I implemented the code like below:
class Model(nn.Module):
def __init__(self):
super(Model, self).__init__()
self.conv = nn.Sequential(
nn.Conv2d(3, 64, kernel_size=3, stride=1, padding=1),
nn.ReLU(),
nn.Conv2d(64, 128, kernel_size=3, stride=1, padding=1),
nn.ReLU(),
nn.MaxPool2d(kernel_size=2))
self.dense = nn.Sequential(
nn.Linear(16*16*128, 1024),
nn.ReLU(),
nn.Dropout(p=0.5),
nn.Linear(1024, 10)
)
def forward(self, input):
output = self.conv(input)
output = output.view(-1, 16*16*128)
output = self.dense(output)
return output
model = Model()
print(model)
cost = nn.CrossEntropyLoss()
optimizer = torch.optim.Adam(model.parameters())
n_epochs = 5
for epoch in range(n_epochs):
running_loss = 0.0
running_correct = 0
print("Epoch {}/{}".format(epoch, n_epochs))
print("-" * 10)
for data in data_loader_train:
images, labels = data
images, labels = Variable(images), Variable(labels)
outputs = model(images)
_,pred = torch.max(outputs.data, 1)
optimizer.zero_grad()
loss = cost(outputs, labels)
print(loss)
loss.backward()
optimizer.step()
running_loss += loss.data.item()
running_correct += torch.sum(pred == labels.data)
testing_correct = 0
for data in data_loader_test:
images, labels = data
images, labels = Variable(images), Variable(labels)
outputs = model(images)
_,pred = torch.max(outputs.data, 1)
testing_correct += torch.sum(pred == labels.data)

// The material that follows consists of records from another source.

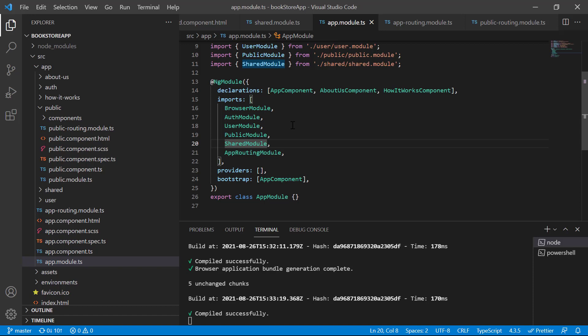We can handle the situation using a simple concept: whatever is required, load only that data from the server — that is called lazy loading. If we only need the home page and public pages, we only use the public module. If we need login and sign up, only then do we load the auth module. Similarly, if the user is logged in and using their profile, only then do we load the user module.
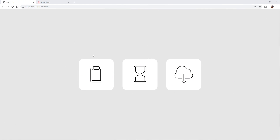Welcome to day two where we're going to be finishing up our icon design animations using Adobe After Effects and Lottie.js.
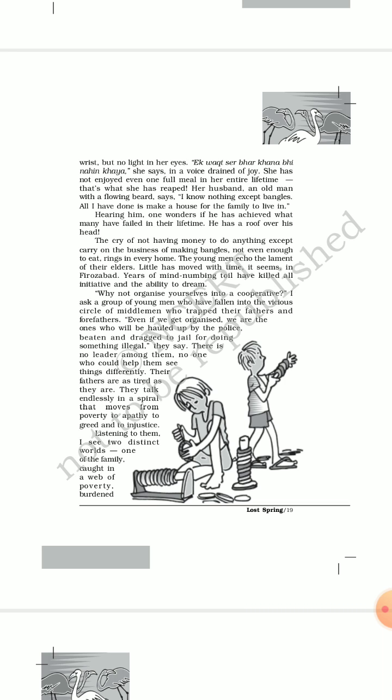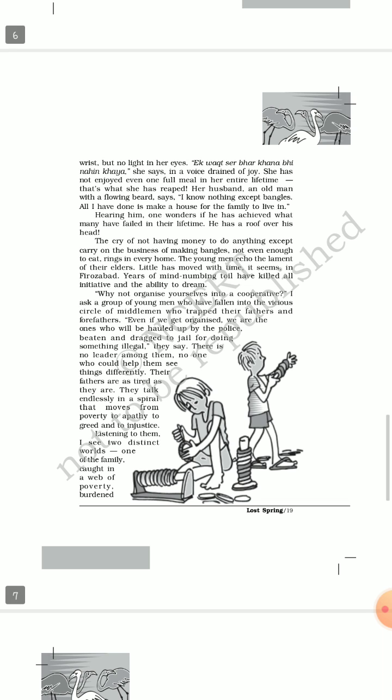When the author Anees Jung suggested making themselves into a cooperative, the group of young men collectively told her that if we get organized somehow, then we are faced with drastic consequences. Sometimes the policemen arrest us, we are taken inside the police prison, we are being beaten, and sometimes we are charged with illegal activities. We face a lot of problems if we try to do something on our own. They lack a progressive leader among them. If they try to take a new initiative to dream something else, it seems every time they end up on the wrong line.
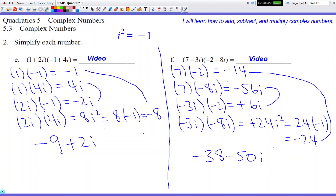All done. I hope you understood this video. I know I went kind of fast at the end, but it's based on foiling, which you guys know. The only thing you want to remember is the i², which turns into -1. I'll see you in class. Good luck on this assignment. Bye-bye.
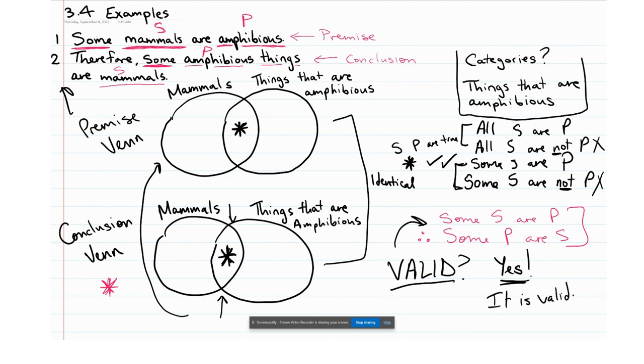Thank you for listening to this example. Proceed on to the second example of an invalid argument.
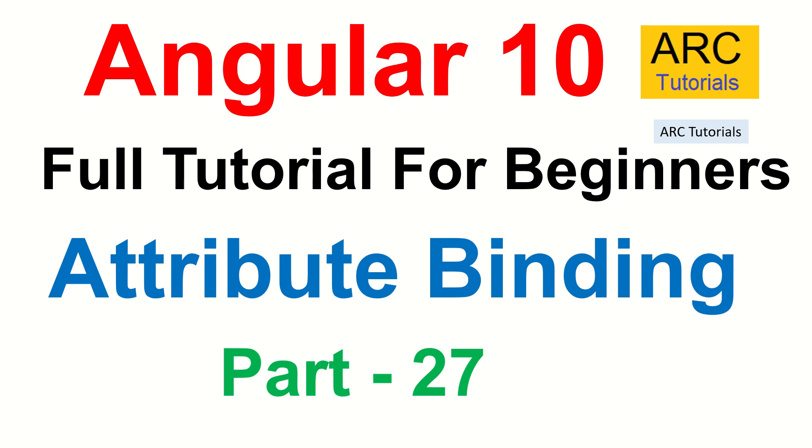Hi friends, welcome back to ARC Tutorials. This is Angular 10 full tutorial series for absolute beginners. In today's episode, we are going to learn about attribute binding.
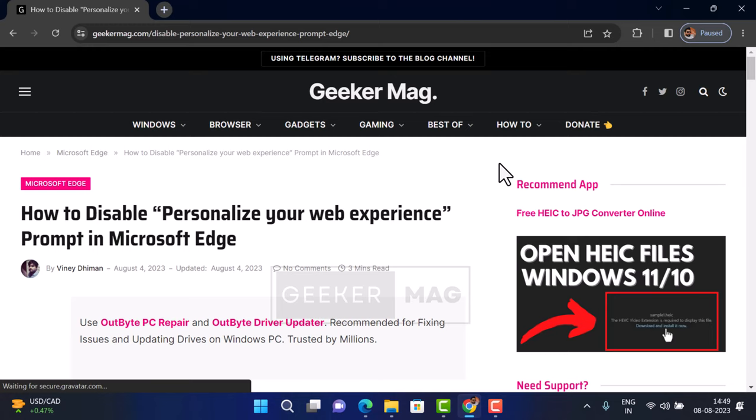In this video, you will learn how to get download bar or download shelf back in the Chrome browser.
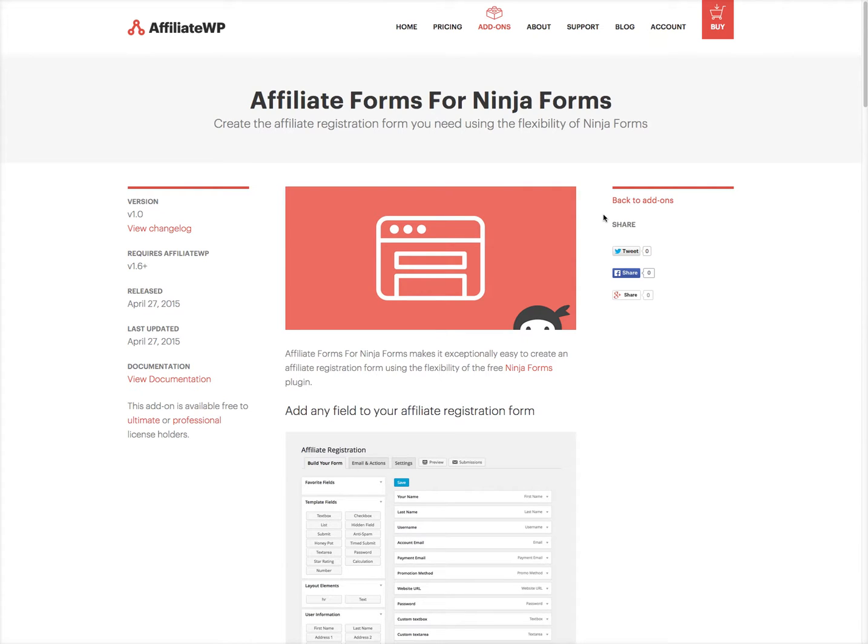Affiliate Forms for Ninja Forms allows us to utilize the flexibility, control, and power of Ninja Forms inside of AffiliateWP for the affiliate registration process.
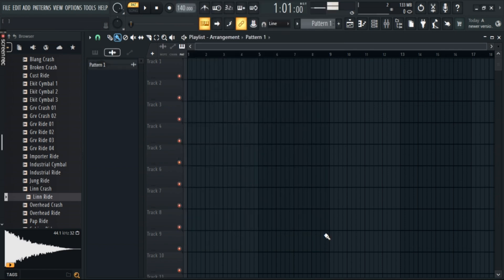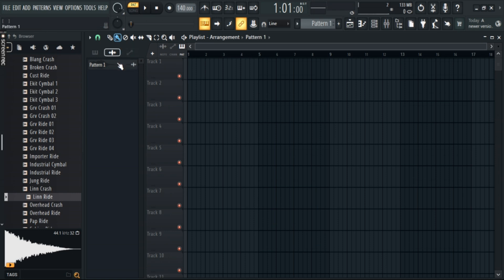Once that's done, your pattern has been rendered as an audio clip. Drag it to the playlist.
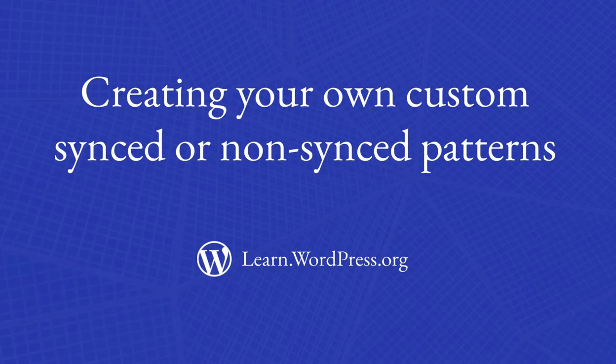In this lesson, we will learn to differentiate, create and manage synced and non-synced patterns.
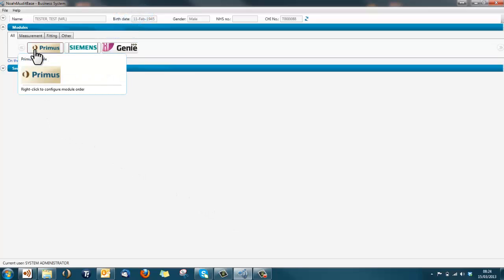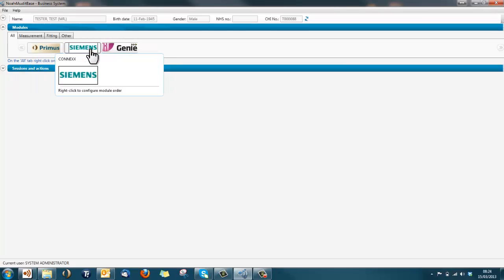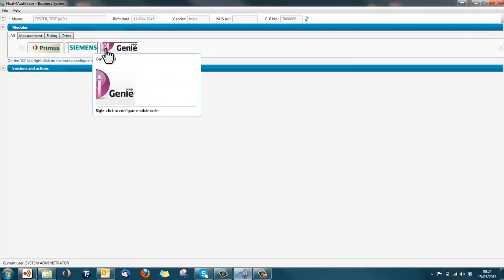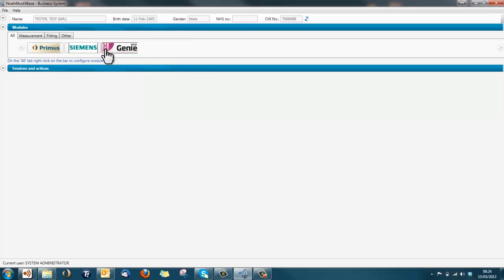To open a module, single-click the module logo. The software for your chosen module will open over the top of the NOAA page.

print("Loss is:{:.4f}, Train Accuracy is:{:.4f}%, Test Accuracy is:{:.4f}".format(running_loss/len(data_train), 100*running_correct/len(data_train), 100*testing_correct/len(data_test)))
But I got the error code like this(line 94 is loss = cost(outputs, labels)):
RuntimeError: Assertion `cur_target >= 0 && cur_target < n_classes' failed. at C:\w\1\s\tmp_conda_3.7_055457\conda\conda-bld\pytorch_1565416617654\work\aten\src\THNN/generic/ClassNLLCriterion.c:94
How can I solve this problem? Could you help me? Thank you!